Começo com esse breve comentário sobre os EUA para tentar um paralelo com as eleições municipais brasileiras do final de semana. E acho que não forço a mão ao fazê-lo. Não apenas porque não poucos analistas enfatizaram, nos últimos meses, que o resultado do pleito estadunidense impacta diretamente na política brasileira, em função principalmente da subserviência política, disfarçada de aliança, de Bolsonaro.

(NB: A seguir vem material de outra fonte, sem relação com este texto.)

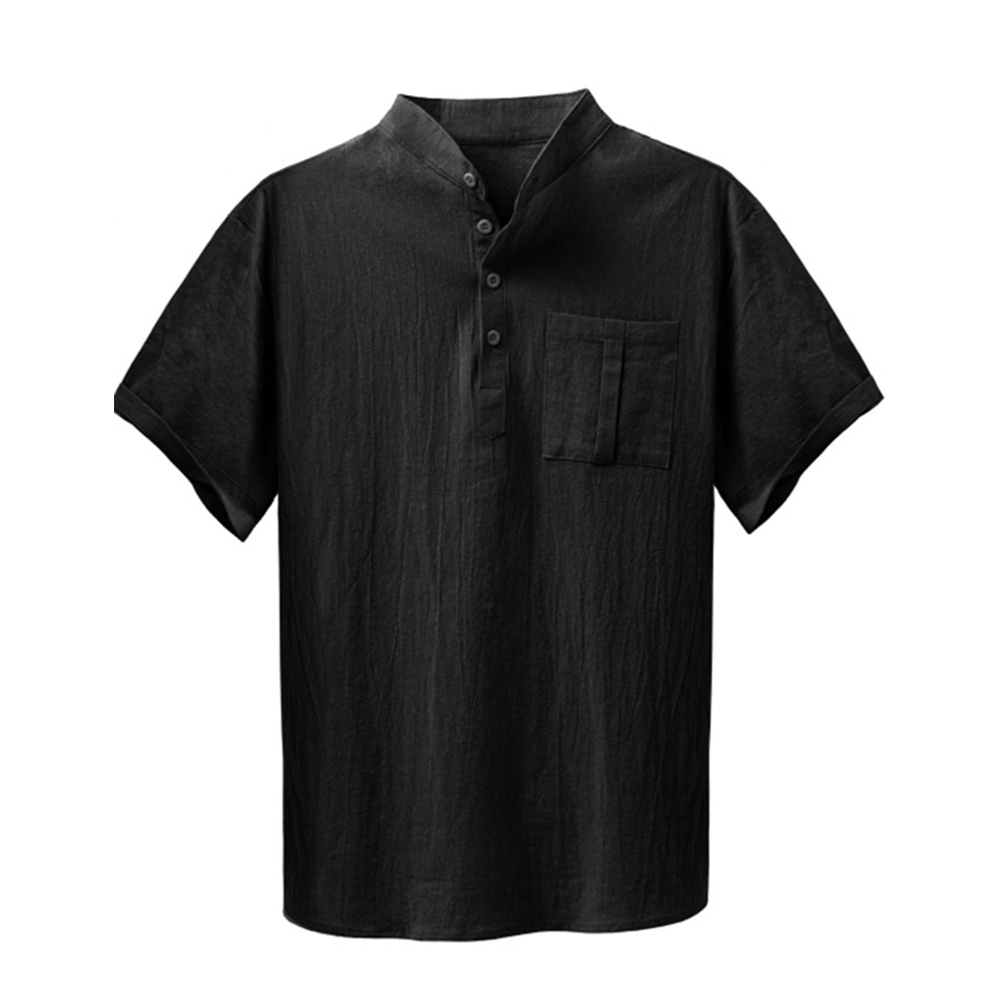 Einfarbiges Kurzarmhemd aus Baumwolle mit Stehkragen für Herren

Mas também porque, de modo algo semelhante, se Bolsonaro sofreu uma derrota eleitoral no último domingo, nem por isso o resultado das urnas deve ser lido, de maneira otimista, como indicativo de um enfraquecimento do bolsonarismo. É verdade que a maioria dos candidatos apoiados pelo presidente perdeu. Celso Russomano, em São Paulo, encerra sua terceira tentativa de governar a maior cidade do país com apenas alguns pontos percentuais à frente de um blogueiro com complexo de Édipo mal resolvido.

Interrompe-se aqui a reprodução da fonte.